WORK INSTRUCTIONS:
Only the lines below starting at the one containing "IHC staining of" and ending at the one containing "Imagen de un" belong in the answer, each copied exactly.

SUPPLIED MATERIAL:

<<<<

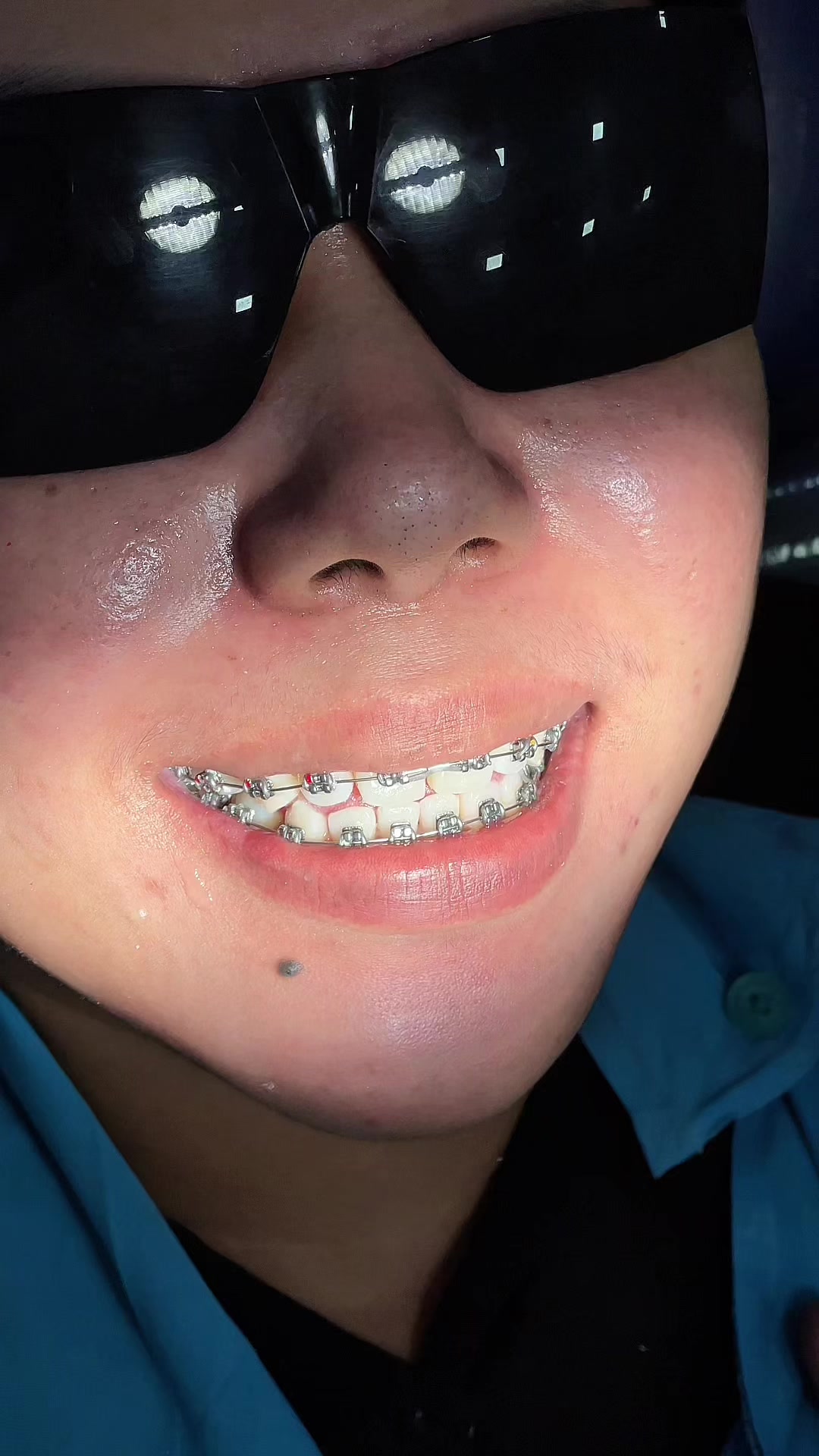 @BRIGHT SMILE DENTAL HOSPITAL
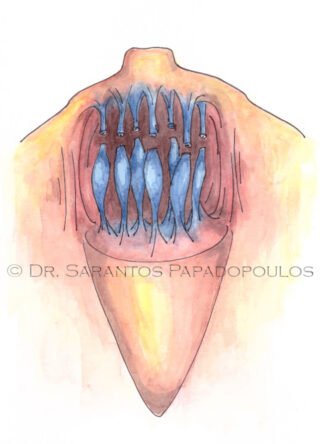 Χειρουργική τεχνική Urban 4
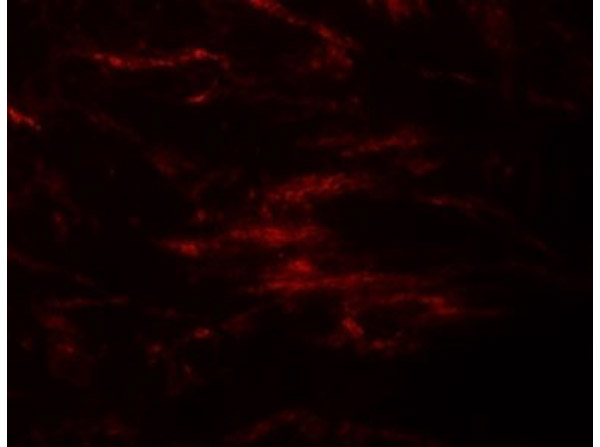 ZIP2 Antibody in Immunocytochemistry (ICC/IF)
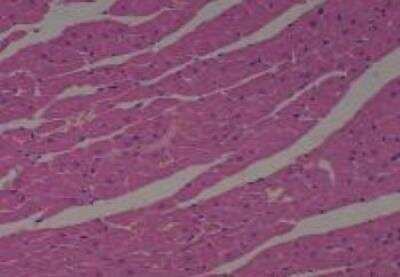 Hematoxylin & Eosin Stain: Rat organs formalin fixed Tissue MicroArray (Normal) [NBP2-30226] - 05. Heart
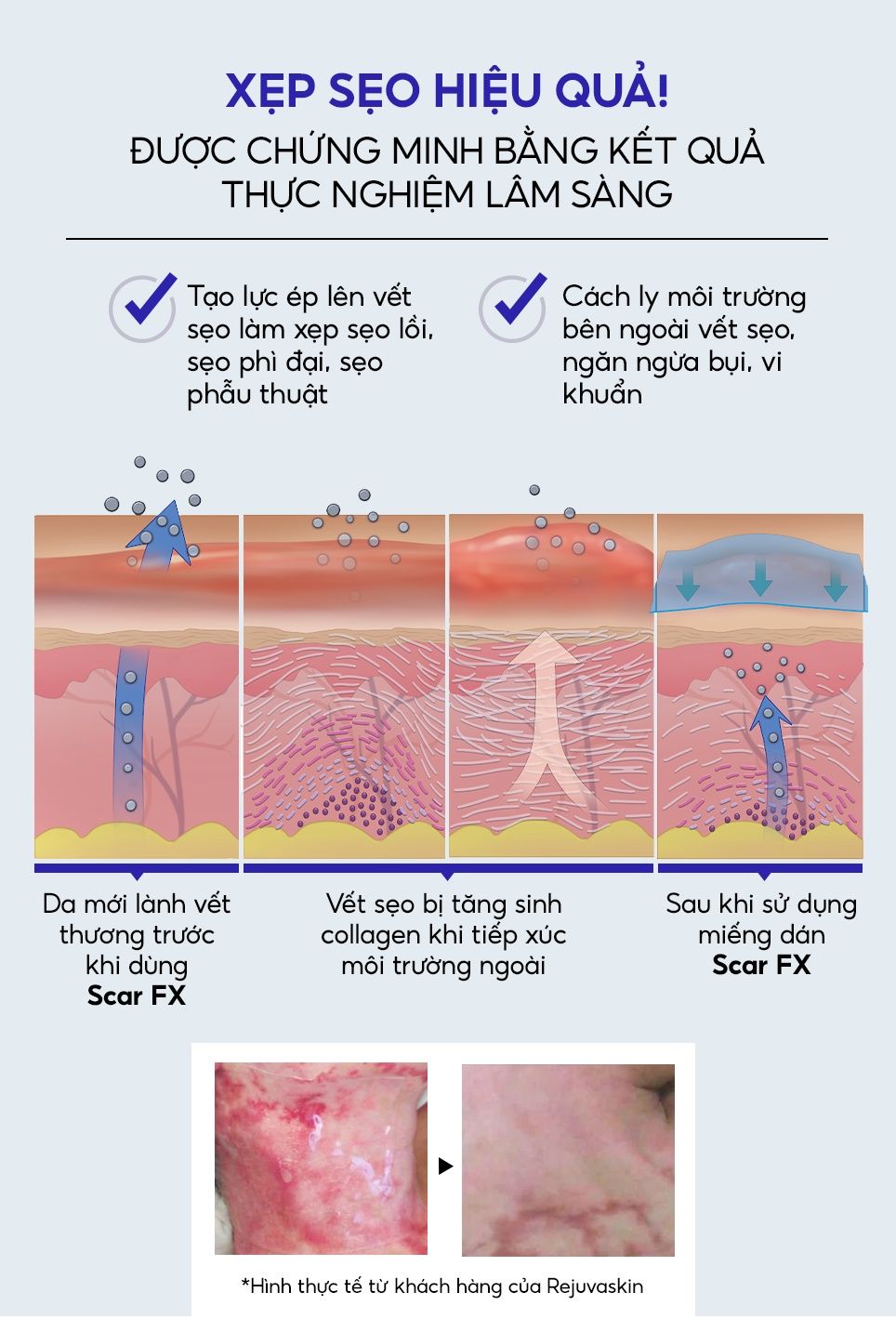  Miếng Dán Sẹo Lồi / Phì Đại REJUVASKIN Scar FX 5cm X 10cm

>>>>
<<<<

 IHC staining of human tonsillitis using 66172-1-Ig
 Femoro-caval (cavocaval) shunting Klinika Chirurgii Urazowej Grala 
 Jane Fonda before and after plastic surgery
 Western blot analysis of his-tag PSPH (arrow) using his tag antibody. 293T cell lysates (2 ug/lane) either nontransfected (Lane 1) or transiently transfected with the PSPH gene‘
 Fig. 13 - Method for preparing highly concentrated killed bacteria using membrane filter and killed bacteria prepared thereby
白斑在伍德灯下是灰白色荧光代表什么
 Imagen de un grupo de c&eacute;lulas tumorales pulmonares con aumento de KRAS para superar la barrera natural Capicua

>>>>
<<<<

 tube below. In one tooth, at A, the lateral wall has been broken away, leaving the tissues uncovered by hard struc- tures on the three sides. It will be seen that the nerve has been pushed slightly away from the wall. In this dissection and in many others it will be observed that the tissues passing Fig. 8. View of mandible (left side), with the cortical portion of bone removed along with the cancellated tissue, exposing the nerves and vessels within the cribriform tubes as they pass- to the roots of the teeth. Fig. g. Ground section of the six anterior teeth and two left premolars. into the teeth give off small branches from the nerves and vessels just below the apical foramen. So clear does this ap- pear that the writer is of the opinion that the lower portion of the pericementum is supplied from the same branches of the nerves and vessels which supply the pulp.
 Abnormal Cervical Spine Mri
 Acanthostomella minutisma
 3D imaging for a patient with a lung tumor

>>>>

ANSWER FOR THIS EXERCISE:
 IHC staining of human tonsillitis using 66172-1-Ig
 Femoro-caval (cavocaval) shunting Klinika Chirurgii Urazowej Grala 
 Jane Fonda before and after plastic surgery
 Western blot analysis of his-tag PSPH (arrow) using his tag antibody. 293T cell lysates (2 ug/lane) either nontransfected (Lane 1) or transiently transfected with the PSPH gene‘
 Fig. 13 - Method for preparing highly concentrated killed bacteria using membrane filter and killed bacteria prepared thereby
白斑在伍德灯下是灰白色荧光代表什么
 Imagen de un grupo de c&eacute;lulas tumorales pulmonares con aumento de KRAS para superar la barrera natural Capicua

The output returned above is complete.